Sublessee shall furnish Sublessor with certificates of such insurance or other
evidence satisfactory to Sublessor as to compliance with the provisions of
this paragraph. Sublessor may act as attorney-in-fact for Sublessee in
making, adjusting and settling claims under and canceling such insurance and
endorsing Sublessee's name on any drafts drawn by insurers of the Collateral.
(e) Sublessee will keep the Collateral in good order and
repair. shall not waste or destroy the Collateral or any part thereof, and
shall not use the Collateral in violation of any statute, ordinance or policy
of insurance thereon. Sublessor may examine and inspect the Collateral at any
reasonable time or times, wherever located.
(f) Sublessee will pay promptly when due all taxes and
assessments upon the Collateral or for its use or operation or upon this
Sublease or upon any instruments evidencing the Obligations.
(g) Sublessee will pay promptly when due all indebtedness secured
by any lien or other security interest in the Collateral, whether superior or
junior to the security interest established hereby.
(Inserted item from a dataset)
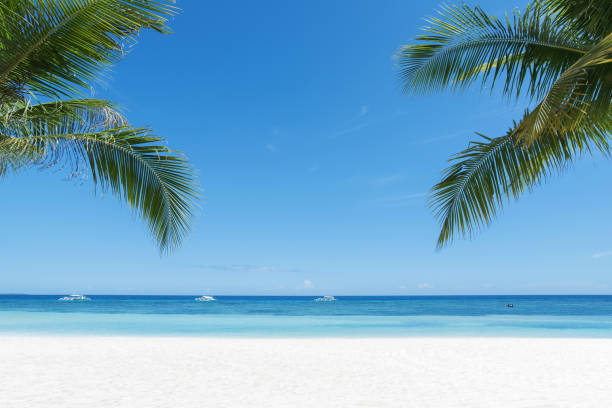 istock Tropical paradise beach and coconut palm tree with sunny blue sky copy space scene 2194806124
5.3 Additional Remedies. Upon any default hereunder and at any
time thereafter (such default not having previously been cured), Sublessor at
its option may declare all Obligations immediately due and payable and shall
have the remedies of a secured party under the Uniform Commercial Code of
California (the "Code"), including without limitation the right to take
immediate and exclusive possession of the Collateral.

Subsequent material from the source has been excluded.